Over the course of multiple previous snippets, I put together several SQL queries for analyzing my browsing history.
Today, I wanted to write a script to run several of these queries in sequence to assemble a nice summary of my daily browsing histories. Maybe I’ll dump the summary into my
[[Roam Research]]
database so I can cross-link ideas with websites I’ve visited.
As a first pass, I tried to throw together a quick bash script to string the queries together. It looked a bit like this:
date=$1
if [ -z $1 ];
then
date=$(date '+%Y-%m-%d');
fi
cp ~/Library/Application\ Support/Google/Chrome/Default/History ~/Default-History
cp ~/Library/Application\ Support/Google/Chrome/Profile\ 1/History ~/Profile-1-History
function query() {
sqlite3 ~/Default-History $1;
sqlite3 ~/Profile-1-History $1;
}
echo \# YouTube Videos Watched
echo
query << SQL
select DISTINCT REPLACE(REPLACE(urls.title, " - YouTube", ""), "(1) ", ""), urls.url, "$date%"
from urls
where urls.url like "%www.youtube.com/watch%"
and datetime(last_visit_time / 1000000 + (strftime('%s', '1601-01-01')), 'unixepoch')
LIKE "$date%"
limit 50;
SQL
# Additional queries ran here...
You’ll notice a few things:
- I want to run each query on two different Chrome histories.
- I want the script to be parameterized by the date, defaulting to today if no date is specified.
If you’re proficient in Bash, you may also notice something else; it doesn’t work. The query is only used properly when I run sqlite3 on the first Chrome History, but an empty query is passed to the second query.
Rather than debug my Bash script, I switched over to Python. I used Python Fire to automatically expose all my functions as commands so within minutes I had a working CLI.
Here’s what the Python script looks like:
import datetime
import os
import subprocess
import fire
def copy_histories():
check_output = subprocess.check_output
check_output([
'cp',
os.path.expanduser('~/Library/Application Support/Google/Chrome/Default/History'),
os.path.expanduser('~/Default-History')])
check_output([
'cp',
os.path.expanduser('~/Library/Application Support/Google/Chrome/Profile 1/History'),
os.path.expanduser('~/Profile-1-History')])
def run_query(query):
call = subprocess.call
call(['sqlite3', os.path.expanduser('~/Default-History'), query])

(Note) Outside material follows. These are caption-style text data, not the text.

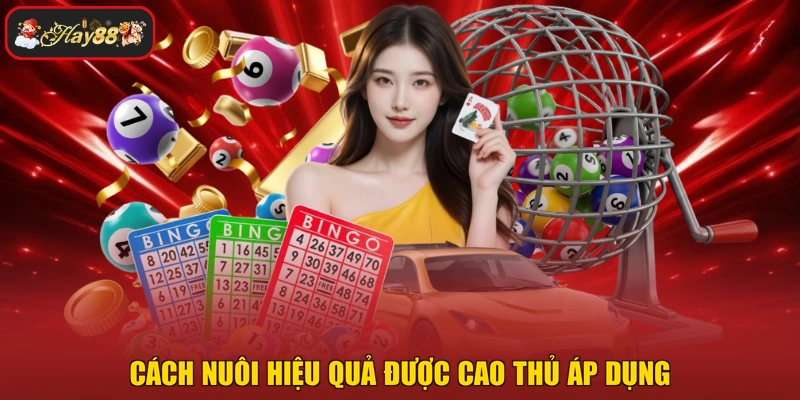 Cách nuôi hiệu quả được cao thủ áp dụng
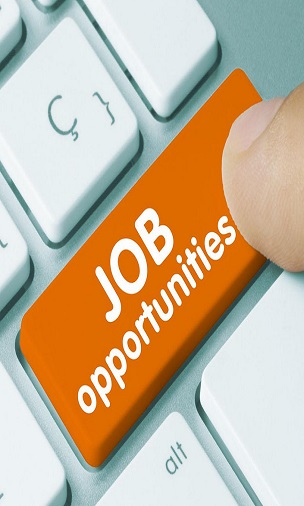 6 thousand applications for 600 posts of Police Patil in Nashik | नाशिकमध्ये पोलीस पाटील पदाच्या ६०० जागांसाठी ६ हजार अर्ज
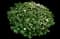 Bridal Wreath Spirea — design image 1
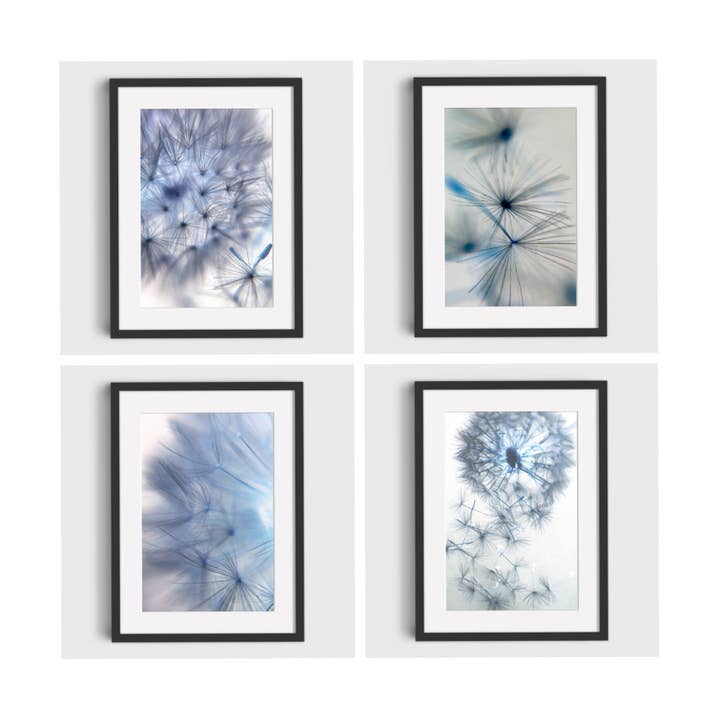 Dandelion Flower Photo Prints set of 4, Beautiful Wall Decor for wholesale by Echoes & Shadows Photography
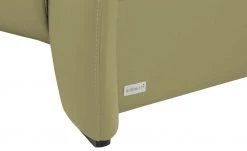 Wohnwert Ledersofa Halina | Hellgrün -Sofas Verkaufsladen 28407470 5 202203171234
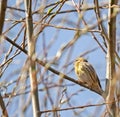 European serin on a tree branch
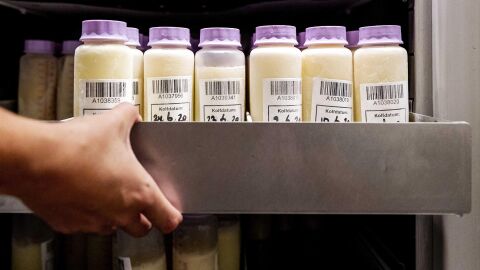 Muestras del banco de leche materna. / Efe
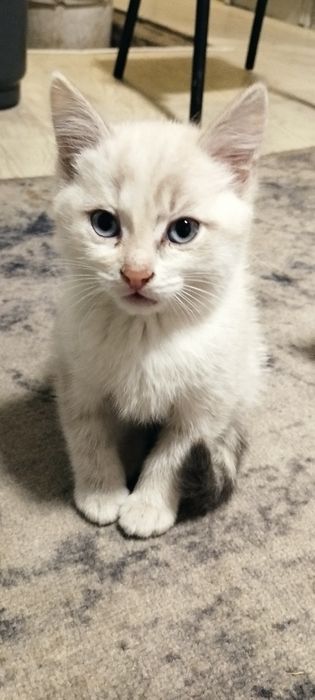 Отдам в добрые руки котят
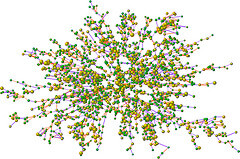 Sociale media: de beer is los en niet meer te stoppen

call(['sqlite3', os.path.expanduser('~/Profile-1-History'), query])
def run(date=None):
copy_histories()
date = date or datetime.datetime.now().strftime('%Y-%m-%d')
print('## YouTube Videos Watched')
print()
run_query(f"""
select DISTINCT REPLACE(REPLACE(urls.title, " - YouTube", ""), "(1) ", "")
from urls
where urls.url like "%www.youtube.com/watch%"
and datetime(last_visit_time / 1000000 + (strftime('%s', '1601-01-01')), 'unixepoch')
LIKE "{date}%"
limit 50;
""")
# Additional queries run here...
if __name__ == '__main__':
fire.Fire()
At the command line I run this with python historyquery.py run
or python historyquery.py run --date=2020-04-26
.
With Python Fire I was able to quickly switch to a syntax I was more comfortable with, but keep the benefits of working from the context of a shell. I can now much more quickly make improvements to the script since I can operate more efficiently working in Python.
Now I have a script I can run that will produce a nice summary of my internet browsing activity for any date I specify. Running it over recent dates provides a nice walk down memory lane.